A urgência e a complexidade técnica justificaram a mobilização extraordinária dos deputados porque a LDO atua como o alicerce jurídico indispensável para a posterior elaboração da Lei Orçamentária Anual (LOA), vinculando o Ministério Público, o Tribunal de Contas e a Defensoria Pública. A necessidade de fixar diretrizes rígidas decorre da busca permanente pelo equilíbrio fiscal e pela sustentabilidade das contas públicas, fatores considerados essenciais pelo Executivo para manter a capacidade de investimento do estado. O planejamento técnico minucioso visa blindar o tesouro estadual contra oscilações econômicas bruscas e assegurar que os reajustes previstos não infrinjam as vedações impostas pela Lei de Responsabilidade Fiscal brasileira.
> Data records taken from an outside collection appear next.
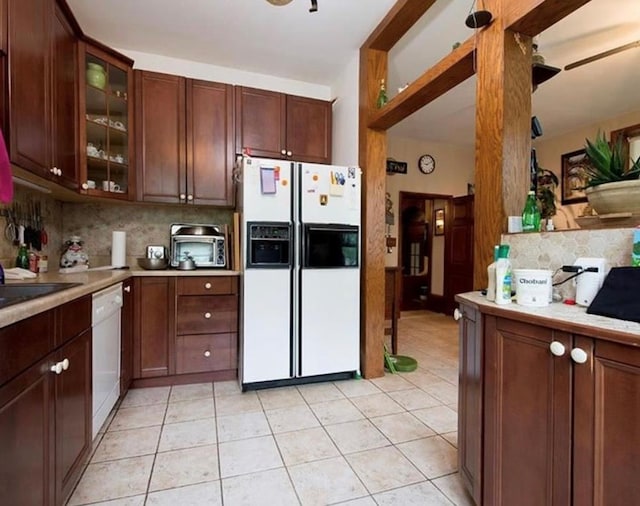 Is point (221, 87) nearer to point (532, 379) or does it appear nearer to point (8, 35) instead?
point (8, 35)

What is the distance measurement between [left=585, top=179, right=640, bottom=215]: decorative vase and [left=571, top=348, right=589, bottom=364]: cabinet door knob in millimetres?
640

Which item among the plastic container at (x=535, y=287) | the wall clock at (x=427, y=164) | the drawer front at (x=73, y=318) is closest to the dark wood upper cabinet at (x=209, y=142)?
the drawer front at (x=73, y=318)

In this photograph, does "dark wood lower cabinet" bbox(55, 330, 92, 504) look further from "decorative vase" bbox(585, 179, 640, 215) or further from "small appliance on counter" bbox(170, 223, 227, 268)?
"decorative vase" bbox(585, 179, 640, 215)

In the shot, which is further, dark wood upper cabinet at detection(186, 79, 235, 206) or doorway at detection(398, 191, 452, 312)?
doorway at detection(398, 191, 452, 312)

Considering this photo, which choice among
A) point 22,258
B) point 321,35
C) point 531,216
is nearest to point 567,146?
point 321,35

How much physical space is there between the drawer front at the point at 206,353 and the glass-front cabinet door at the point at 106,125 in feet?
4.20

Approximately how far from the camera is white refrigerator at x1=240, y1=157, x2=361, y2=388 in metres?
2.50

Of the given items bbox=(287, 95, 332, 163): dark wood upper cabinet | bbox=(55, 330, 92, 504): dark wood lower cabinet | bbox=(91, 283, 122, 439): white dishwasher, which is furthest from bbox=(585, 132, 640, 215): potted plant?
bbox=(287, 95, 332, 163): dark wood upper cabinet

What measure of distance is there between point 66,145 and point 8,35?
0.77 m

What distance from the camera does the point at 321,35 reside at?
2.66 metres

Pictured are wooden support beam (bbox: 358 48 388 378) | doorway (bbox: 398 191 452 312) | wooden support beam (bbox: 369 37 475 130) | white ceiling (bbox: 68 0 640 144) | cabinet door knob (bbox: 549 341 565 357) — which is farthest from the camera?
doorway (bbox: 398 191 452 312)

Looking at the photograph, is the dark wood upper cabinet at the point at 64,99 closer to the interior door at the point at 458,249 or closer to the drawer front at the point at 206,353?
the drawer front at the point at 206,353

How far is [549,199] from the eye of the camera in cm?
404

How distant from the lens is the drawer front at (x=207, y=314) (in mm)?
2605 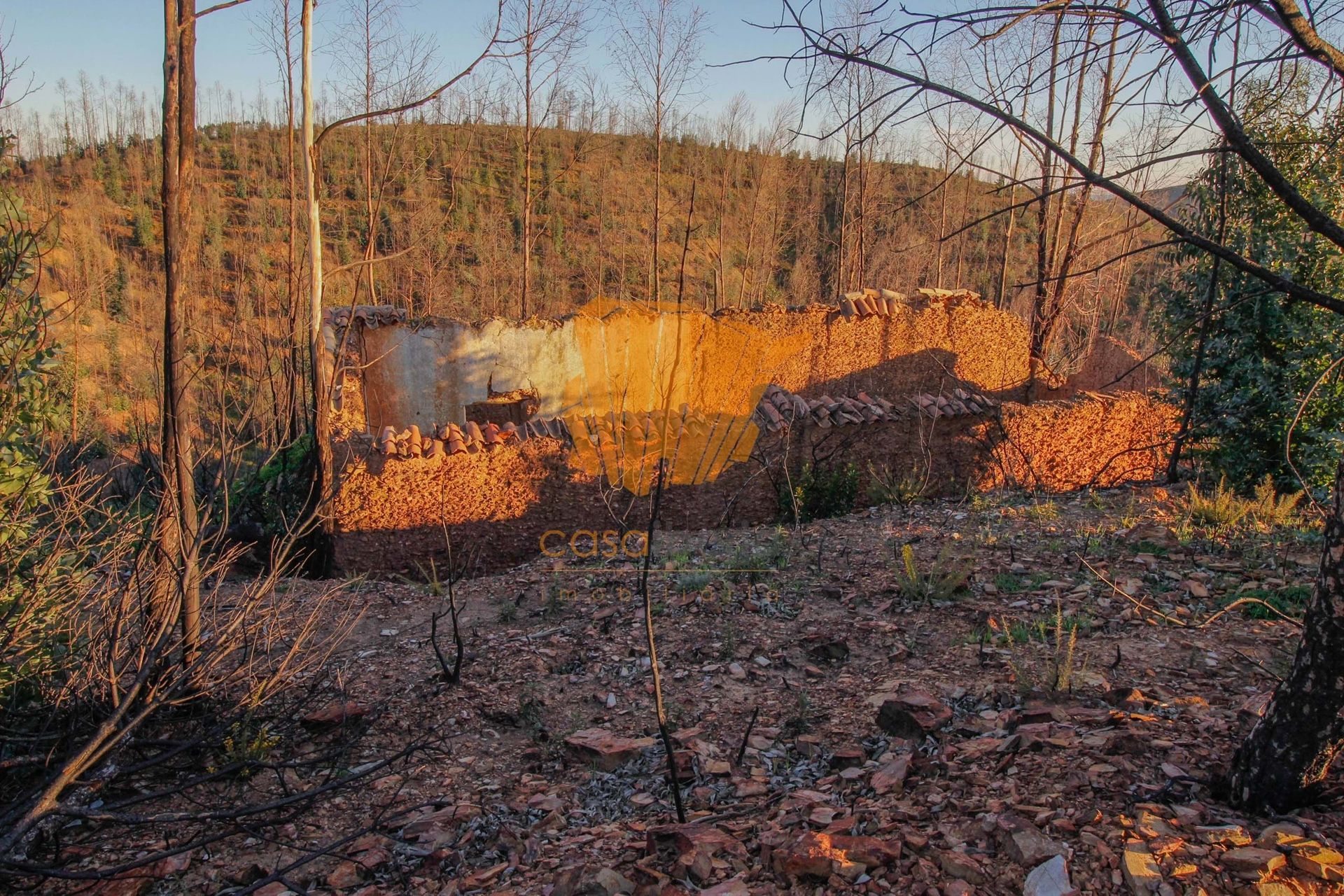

A aprovação inicial da LDO e de outros projetos de impacto social gerou um ambiente de otimismo entre os gestores da administração pública, os quais enxergam a sinalização de um cenário financeiro previsível e equilibrado para Mato Grosso. O anúncio formal da RGA de 4,2% minimiza potenciais conflitos com as categorias do funcionalismo público, permitindo que o estado avance no planejamento de novos concursos e na atração de investimentos privados de grande porte. A estabilidade institucional demonstrada pela ALMT ao cumprir rigorosamente o cronograma de votações reforça a segurança jurídica da unidade federativa perante os órgãos de fiscalização nacional e agências de classificação de risco.

Os reflexos diretos dessas aprovações alcançarão as diversas microrregiões do estado, materializando-se em investimentos voltados à revitalização do Centro Histórico de Cuiabá e no fortalecimento das cadeias produtivas locais por meio de parcerias institucionais. O aval legislativo concedido aos decretos que autorizam a realização de plebiscitos territoriais modificará a configuração política de Primavera do Leste, Poxoréu, Cotriguaçu e Colniza, permitindo que os próprios munícipes decidam sobre seus destinos geográficos. A alienação autorizada de imóvel público para a Federação da Agricultura e Pecuária (Famato) potencializará as ações de fomento ao Agronegócio, setor que constitui a base motriz da economia mato-grossense.
O encerramento do semestre legislativo deixa pendente para o mês de agosto a segunda votação e a redação final do arcabouço orçamentário, período em que o texto original receberá as emendas propostas pelos deputados para o aperfeiçoamento da peça. A manutenção da responsabilidade fiscal continuará a capitanear as discussões no plenário, exigindo dos parlamentares um monitoramento constante sobre as projeções de arrecadação e os limites de despesas com pessoal.
A sociedade mato-grossense aguardará o desfecho das discussões no segundo semestre, ciente de que as decisões tomadas pela Casa de Leis ditarão o ritmo do desenvolvimento socioeconômico e a qualidade dos serviços públicos ofertados ao cidadão.